[Record excerpts Boundary: Start]
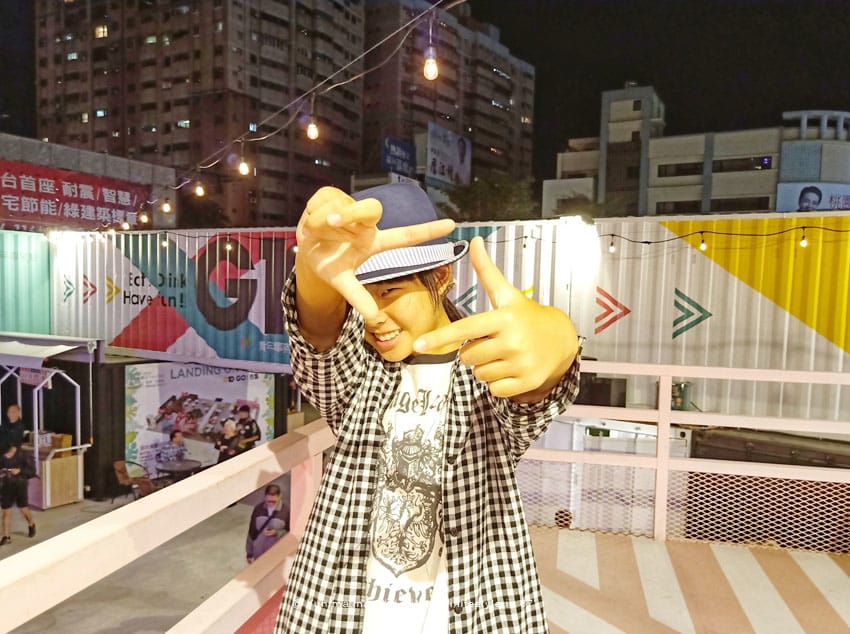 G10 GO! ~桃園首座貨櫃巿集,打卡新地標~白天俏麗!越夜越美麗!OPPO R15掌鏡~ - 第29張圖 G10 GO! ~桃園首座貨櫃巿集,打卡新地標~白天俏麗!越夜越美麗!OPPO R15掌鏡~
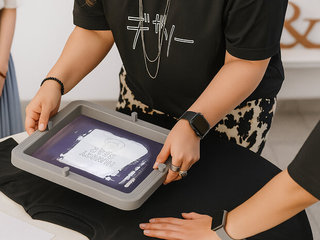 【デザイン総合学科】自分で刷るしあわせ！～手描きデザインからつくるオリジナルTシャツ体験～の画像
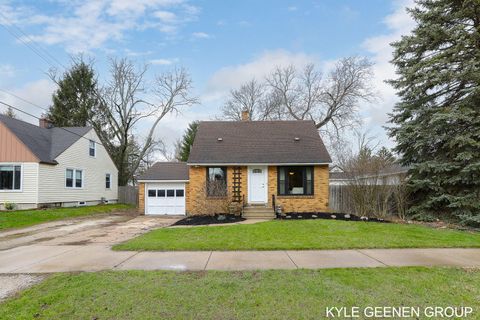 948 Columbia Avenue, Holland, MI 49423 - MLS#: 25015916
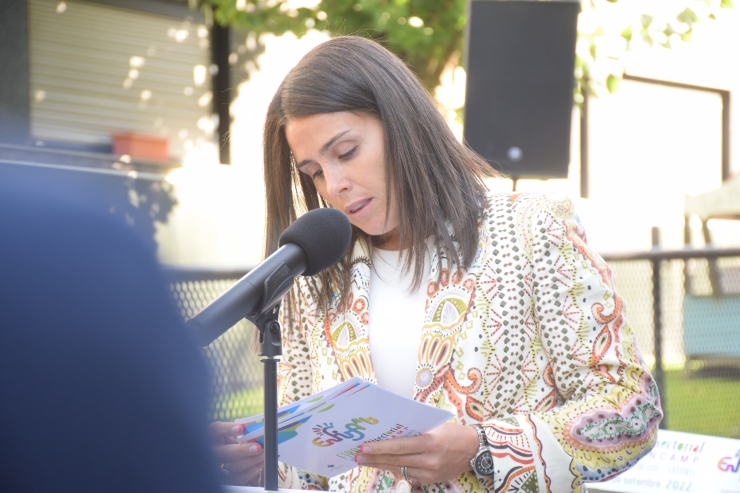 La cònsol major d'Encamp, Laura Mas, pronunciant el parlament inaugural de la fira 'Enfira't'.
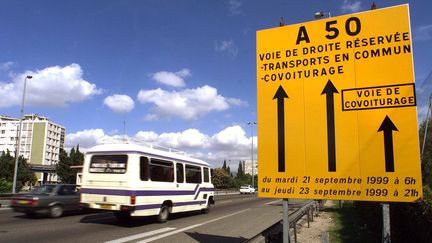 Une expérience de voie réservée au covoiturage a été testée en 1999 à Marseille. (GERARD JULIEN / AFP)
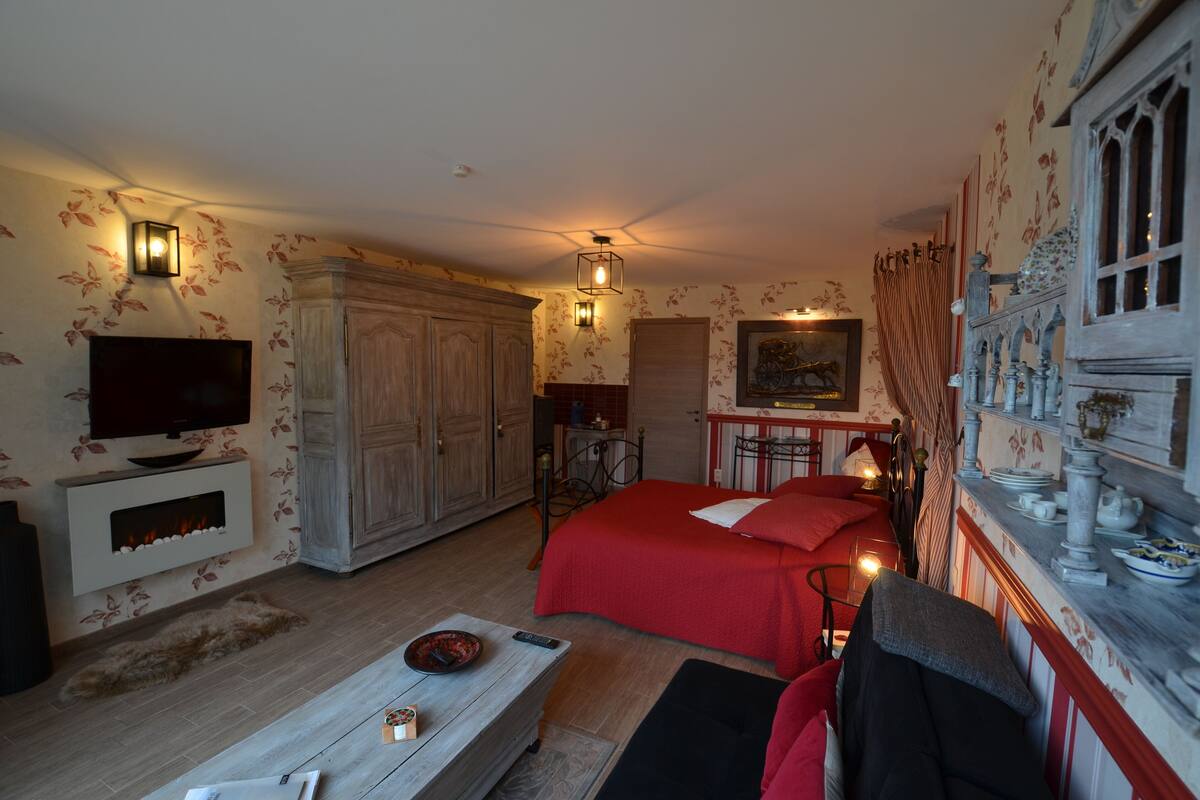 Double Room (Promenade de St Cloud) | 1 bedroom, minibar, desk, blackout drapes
[Record excerpts Boundary: End]
Work request
None of the images should be copied, but every entry must be given again exactly.

The completed task
 G10 GO! ~桃園首座貨櫃巿集,打卡新地標~白天俏麗!越夜越美麗!OPPO R15掌鏡~ - 第29張圖 G10 GO! ~桃園首座貨櫃巿集,打卡新地標~白天俏麗!越夜越美麗!OPPO R15掌鏡~
 【デザイン総合学科】自分で刷るしあわせ！～手描きデザインからつくるオリジナルTシャツ体験～の画像
 948 Columbia Avenue, Holland, MI 49423 - MLS#: 25015916
 La cònsol major d'Encamp, Laura Mas, pronunciant el parlament inaugural de la fira 'Enfira't'.
 Une expérience de voie réservée au covoiturage a été testée en 1999 à Marseille. (GERARD JULIEN / AFP)
 Double Room (Promenade de St Cloud) | 1 bedroom, minibar, desk, blackout drapes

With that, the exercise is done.